Empilement

Voilà un problème que n’importe quel sysadmin rencontrera si un MySQL traîne dans les serveurs qu’il administre. Cela peut venir d’un problème de configuration (un pool de connexion trop petit), mais bien souvent, le problème viendra d’un problème applicatif. Cet article traite du troubleshooting de ce problème.

Public visé : administrateurs systèmes.

Par Jacques Roussel, Consultant Cloud @Objectif Libre.

MySQL : Too many connections !

Les symptômes

On trouve le log suivant trop fréquemment :

ERROR 1040 (HY000): Too many connections

Bien souvent, cela résulte d’un processus qui pose un lock sur une table et empêche tous les autres d’effectuer leurs requêtes.

Environnement

Pour simuler ce problème, nous avons juste besoin d’un conteneur MySQL.

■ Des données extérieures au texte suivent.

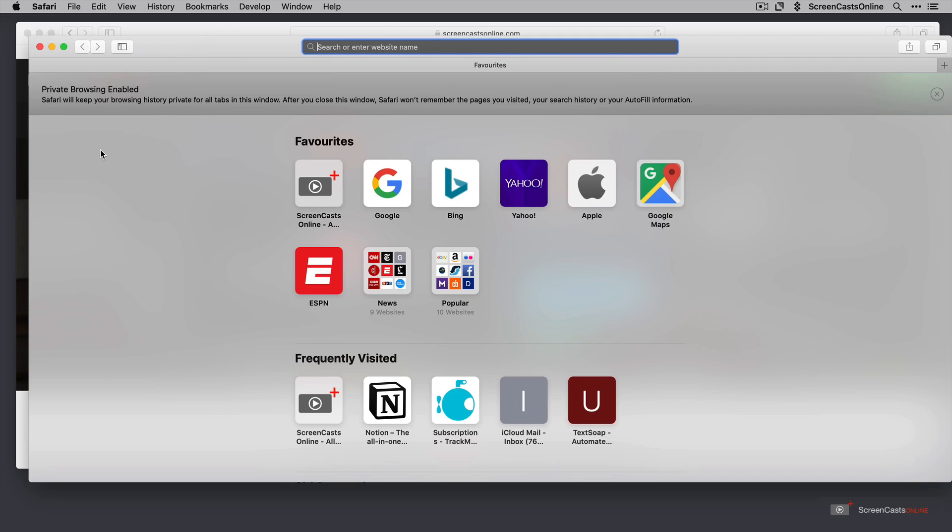There's also a message directly underneath, Safari will keep your browsing history private for all tabs in this window. And after you close this window, Safari won't remember the pages you visited, your search history or your autofill information.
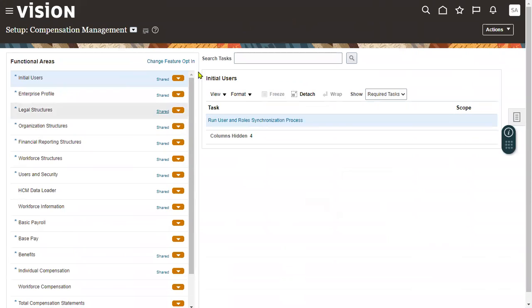We are still at the basic level. In the next session we'll continue from here. Thank you.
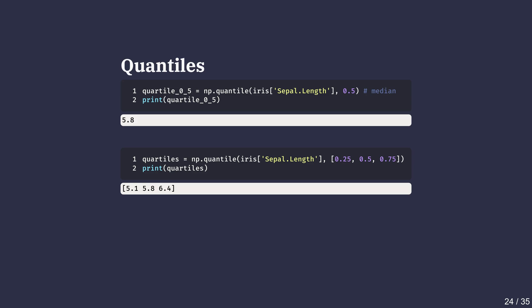These are critical for describing where most of the data falls. Let's visualize quantiles using a histogram. Before drawing the histogram, we first need to compute the 25th, 50th and 75th percentiles.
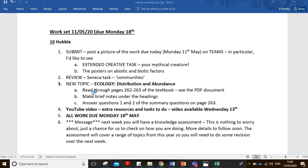Good afternoon TenHubble, welcome to episode four of Mr Mulvey's home learning series. I'm just going to start off with a bit of housekeeping with the work that has been put on Go4Schools. We've got a few of the pictures coming in on Teams, so keep those coming. There's been some really, really good extended creative tasks with the Mythical Creatures, so really good job on those. Keep those coming.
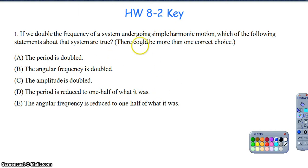Here's the first part of homework 8-2. We'll start off with question 1. If we double the frequency of the system undergoing simple harmonic motion, which of the following statements about the system are true? There could be more than one correct choice — and for this question there will actually be two answers.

└─ $ docker run --name mariadb -e MYSQL_ROOT_PASSWORD=root -d mariadb
└─ $ docker ps
CONTAINER ID IMAGE COMMAND CREATED STATUS PORTS NAMES
b291c30bde66 mariadb "docker-entrypoint.s…" 21 seconds ago Up 19 seconds 3306/tcp mariadb

Quand notre conteneur est prêt, on peut commencer.

Premier terminal

└─ $ docker exec -it mariadb bash
root@b291c30bde66:/# mysql -u root -p
Enter password:
Welcome to the MariaDB monitor. Commands end with ; or \g.
Your MariaDB connection id is 8
Server version: 10.3.12-MariaDB-1:10.3.12+maria~bionic mariadb.org binary distribution

Copyright (c) 2000, 2018, Oracle, MariaDB Corporation Ab and others.

Type 'help;' or '\h' for help. Type '\c' to clear the current input statement.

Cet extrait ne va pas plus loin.